Wednesday, July 22, 2009

NOT HERE, NOT NOW

In lieu of proper (non-cricket) posts, some links:

1. This is lovely: DV posts a picture of, and a poem about, Nunhead Cemetery, one of the seven great Victorian Cemeteries in London, where dignatories and commoners were united by (if nothing else) being covered in the same soil dug by the same gravedigger.

The picture is splendidly hauntological – a ghostly apparition, hovering somewhere above Croydon, breaks through the trees and shakes the headstones. And the poem is well-chosen, evoking the dislocation which the graveyard (and the experience of bereavement) causes. The visitor to Nunhead Cemetery cannot be sure which century he is living in, never alone which city or suburb he is in.

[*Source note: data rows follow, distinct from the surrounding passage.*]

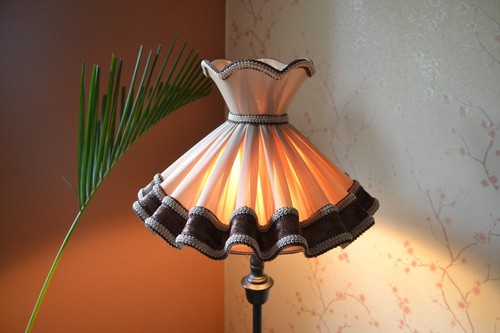 Lampshade round beige - , skirt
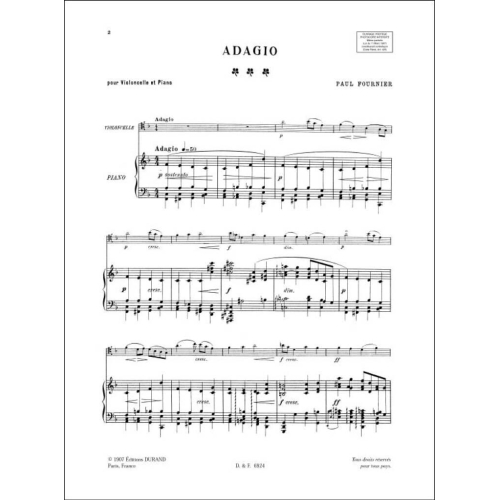 P. Fournier - Adagio, Pour Violoncelle Et Piano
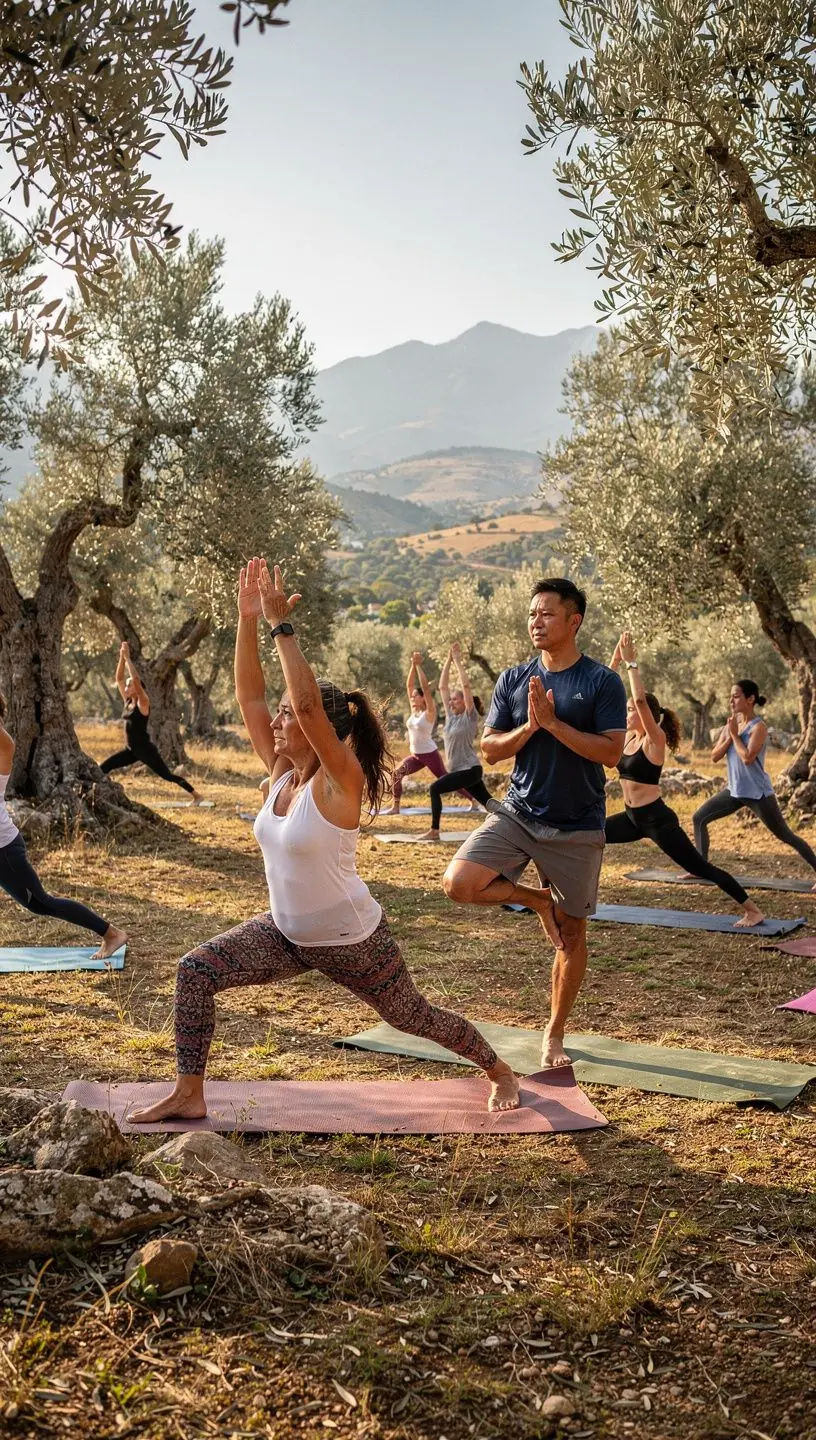 Grupo de yoguis en una secuencia energizante, disfrutando de la luz del sol en una playa.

2. We have become so disconnected from the past, that history is now only a commodity of the present. We visit museums, castles and historic sites; we take cheap flights to cities whose pasts are preserved in aspic (but which always feel upsettingly caught up in the present); but we can no longer consider the passage of time between the past and present as a continuum (albeit one that sometimes proceeds with abrupt qualitative shifts).

These photos on Leningrad / St Petersburg (found via Kosmograd, who sees in them “the past bleeding into the present”) are uncanny for this very reason. They are assembled with scrupulous precision, so that the past fits perfectly with the present (spatially if not temporally) – but they still don’t make sense.

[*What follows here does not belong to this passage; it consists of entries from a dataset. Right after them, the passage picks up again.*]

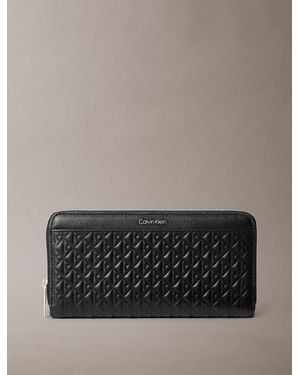 Calvin Klein Embossed Emblem Logo Long Zip Wallet - Grey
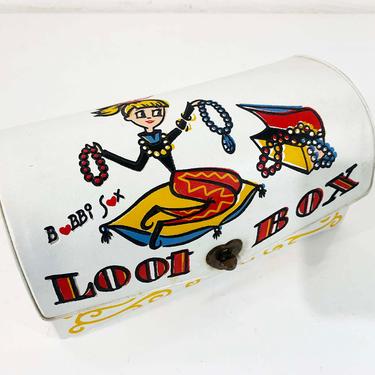 Vintage Bobbi Sox Loot Box Vinyl 50s 1950s Blue Case Holder Storage Mid-Century Retro Mementos Keepsakes Treasure Kitsch Kawaii Cute Kitschy 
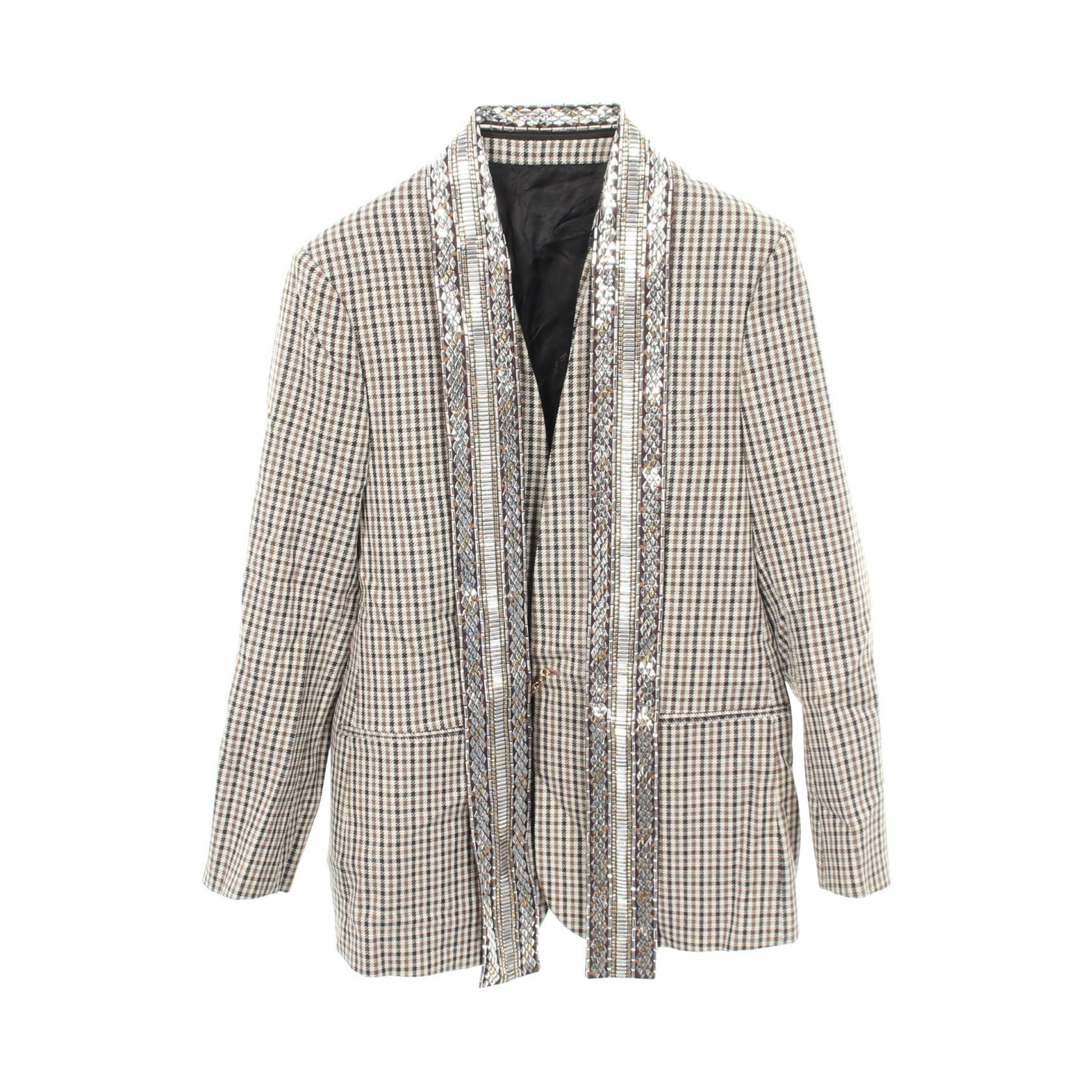 ルイ・ヴィトン LOUIS VUITTON チェック 衣料品 アウター ウール レディース アイボリー系 / ブラウン系 RW202B YXO FJVB87 【中古】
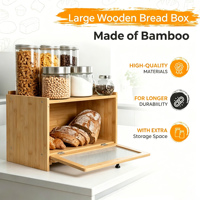 Boîte à pain hermétique en bambou pour comptoir de cuisine, grande boîte à pain en bois avec planche à découper intégrée et fenêtre de visualisation, bac de rangement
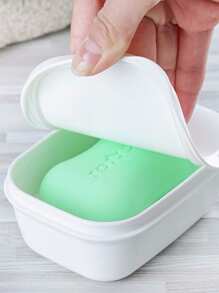 1個白色肥皂盒帶蓋子 - 白色 - 查看 5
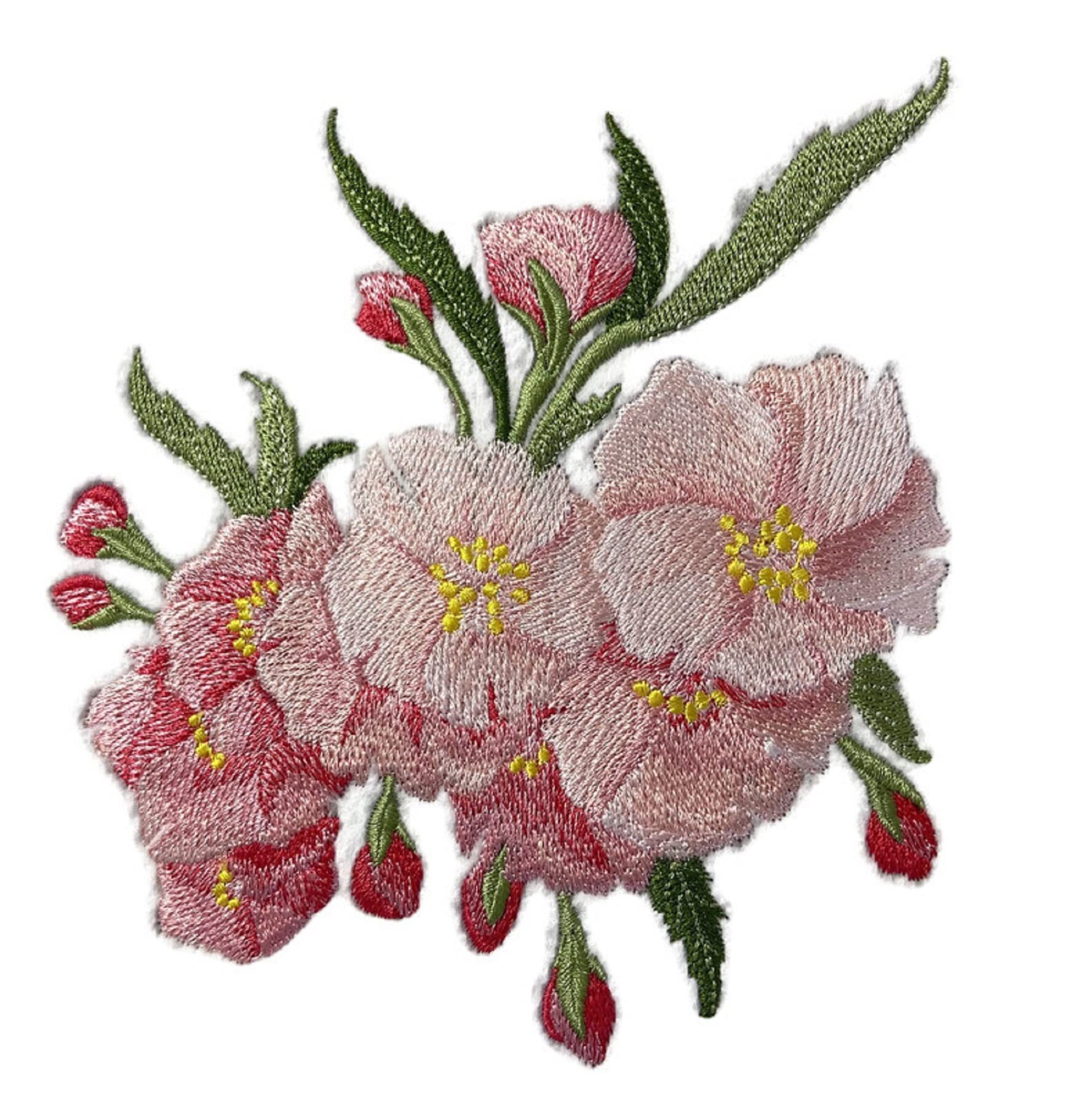 Custom and Unique (Cherry) Blooms Flower Embroidered Iron on/Sew Patch (5.57" x 6.1") [Made in USA]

At first I thought I could do the same with King’s Cross – interleave photos of the new development with those of the streets and the railway lands which held out until the turn of this century (and which I never saw). But such an exercise would be both impossible and undesirable – impossible because the streets have simply been erased (many of them ran along what is now Paperchase or WHSmiths or the taxi rank outside), and undesirable because my obsession with re-creating a (fictional) past in the area is slightly unsavoury. I am drawn back to it always (I often stand listlessly outside Marks and Spencers imagining where the impassive old facade of the German Gymnasium used to stand), but it is a fraught and pointless obsession. I should really move on.

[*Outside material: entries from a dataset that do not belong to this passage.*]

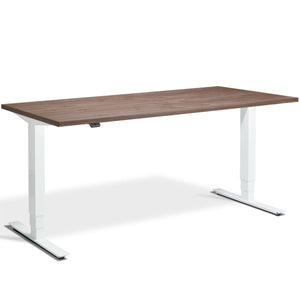 Walnut real wood veneer Masta standing desk with white frame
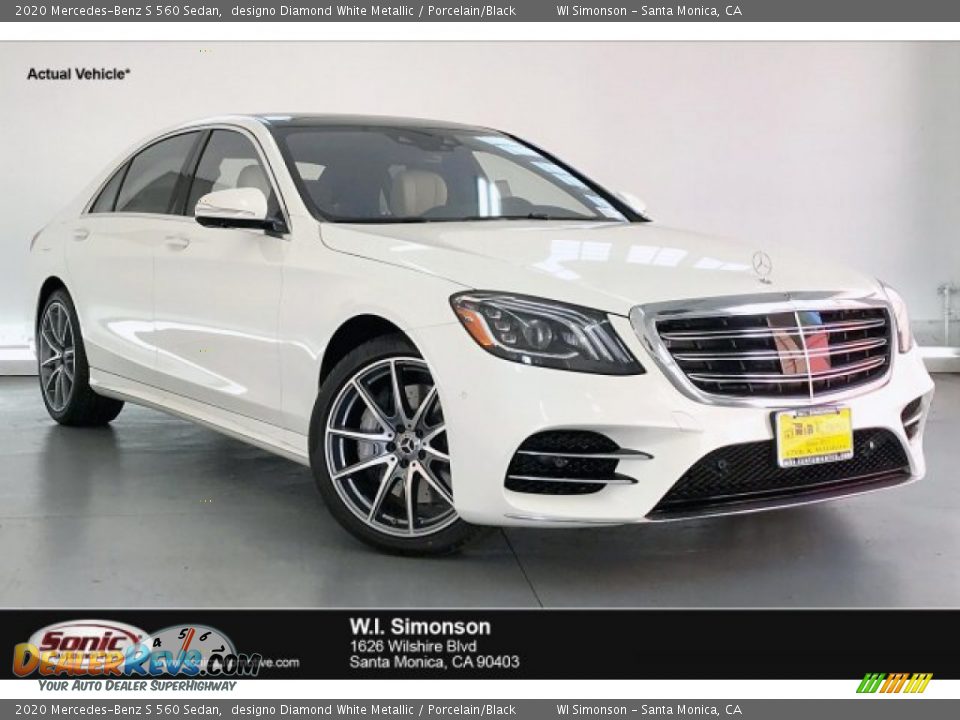 2020 Mercedes-Benz S 560 Sedan designo Diamond White Metallic / Porcelain/Black Photo #1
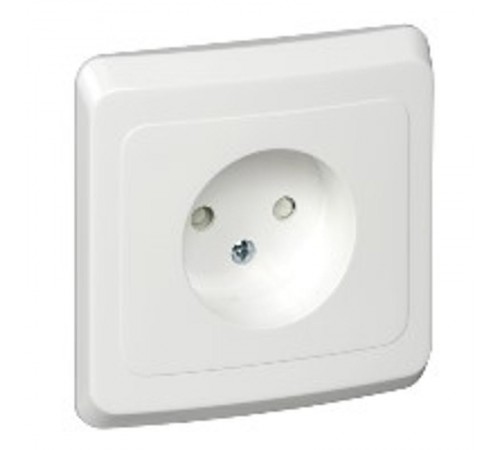 Этюд Белый С/У Розетка без заземления с защитными шторками  PC16-002B  SE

3. More here [NS link] on a set of buildings which “represent an ambiguous future or a reviled past,” but “cannot make sense in the present.” The Leeds University campus was built by the trio responsible for the Barbican Centre and the Golden Lane Estate. It is a sumptuous complex, Brutalist and sci-fi, which refutes the claim that rational, modern, monumental buildings are necessarily cold – or rather, the claim that coldness necessarily equates to violence or social destruction.



Owen claims that Leeds University has compromised the original vision of the architects by smattering it with “street furniture.” This may be true (I have only visited Leeds once since I left in 2001), but I think it is more likely that, as Fredric Jameson has said of postmodernist architecture (though for different reasons), human beings never metamorphosed into properly Modernist subjects who were capable of inhabiting such structures. This is regrettable, but the economic shift from Fordism (where, for all the pressures placed upon them to spend their improved salaries on mass-produced commodities, people were still bound by a degree of class-consciousness) to neoliberalism, where the limits of human subjectivity are bound only by their aptitude for shopping, has left us stranded in a postmodern world.

I won’t make it to what looks like an affecting exhibition. But I shall buy the book – there is no cap to the number of black and white photos of the campus one can devour. From what I remember, it was always black and white anyway.